The optimized code evaluates the same number of functions for all 818 integrals. There is no difference.

Secondly, the absolute error of the results to the exact result is actually smaller for every integral with the optimized version!

I will be happy to share the spreadsheet but you can run the experiment with the zip file I shared earlier by making the changes to the wp34s.sh code as shown above.

- Rob

With these small changes in the Python code (in fact I copied it from your post above) I do see differences in the results. Usually only in the last digit, but enough to get (a really small) decrement on correct digits and a small but noticeable increment in TNFE (this time mainly in the sin(40πx) case). In 32 out of 160 cases the true absolute error get (slightly) worse. Of them, 14 have mutated from 0 true absolute error, to != 0.

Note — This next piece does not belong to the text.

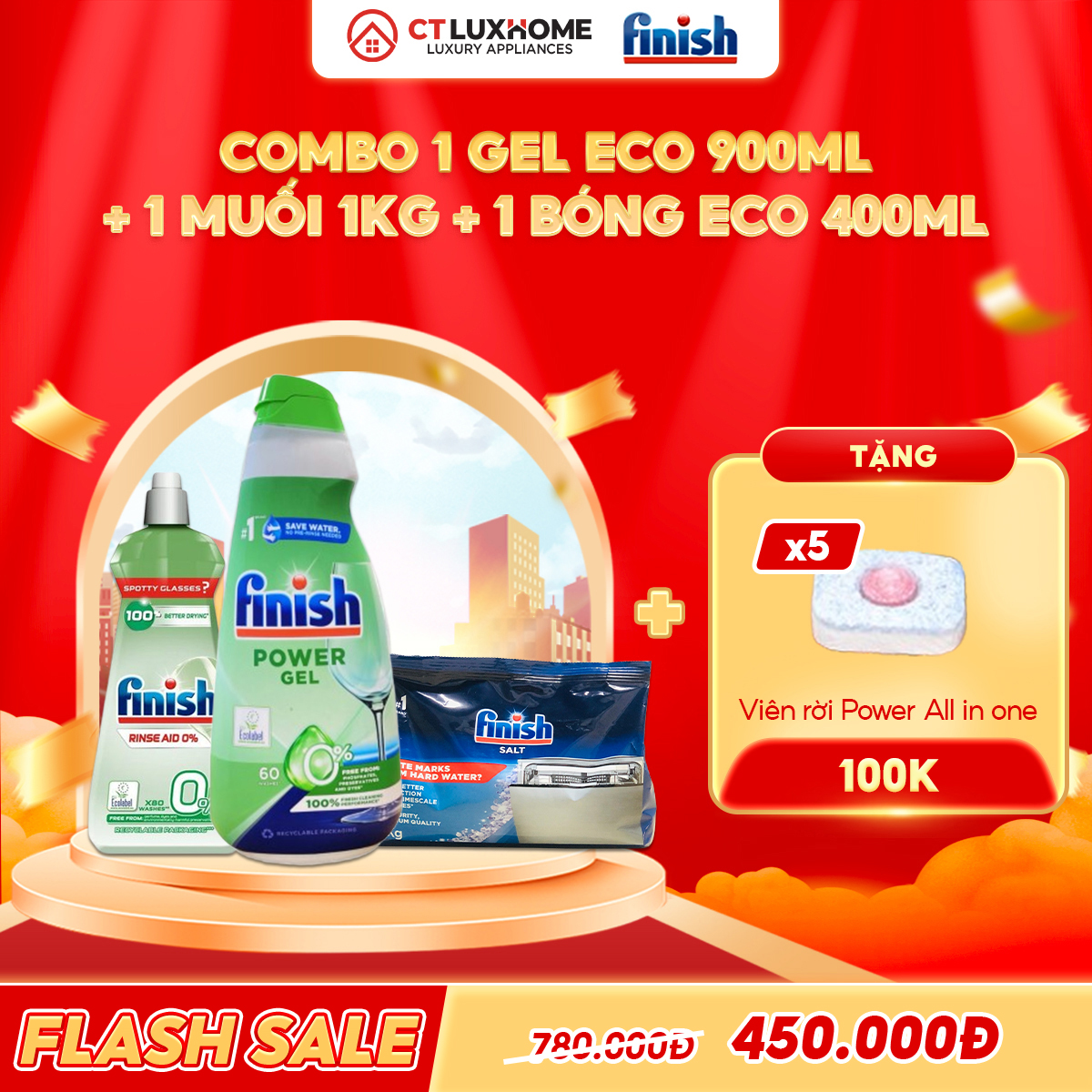 COMBO FINISH 1 Gel rửa bát Eco 900ml + 1 Nước bóng Eco 400ml + 1 Muối 1kg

Adding the other modifications (suppressing the remaining sqrt, j and t, that's: the code now on GitHub) degraded TNFE mainly because one of the integrals (1 - sqrt(2)*cosh(x)/sqrt(cosh(2*x)), from -inf to +inf) needed one more level. This particular case worsened dramatically, from 13 correct digits with strength reduction to only 4 with these changes). I think this is the only case that worth the effort to study it.

Regards.

robve · 04-08-2021, 01:32 PM

(04-08-2021 11:20 AM)emece67 Wrote: With these small changes in the Python code (in fact I copied it from your post above) I do see differences in the results. Usually only in the last digit, but enough to get (a really small) decrement on correct digits and a small but noticeable increment in TNFE (this time mainly in the sin(40πx) case). In 32 out of 160 cases the true absolute error get (slightly) worse. Of them, 14 have mutated from 0 true absolute error, to != 0.

Looks like this falls within machine precision MachEps? Is this just noise or is this significant? Perhaps Python mpmath mp.dps is too small?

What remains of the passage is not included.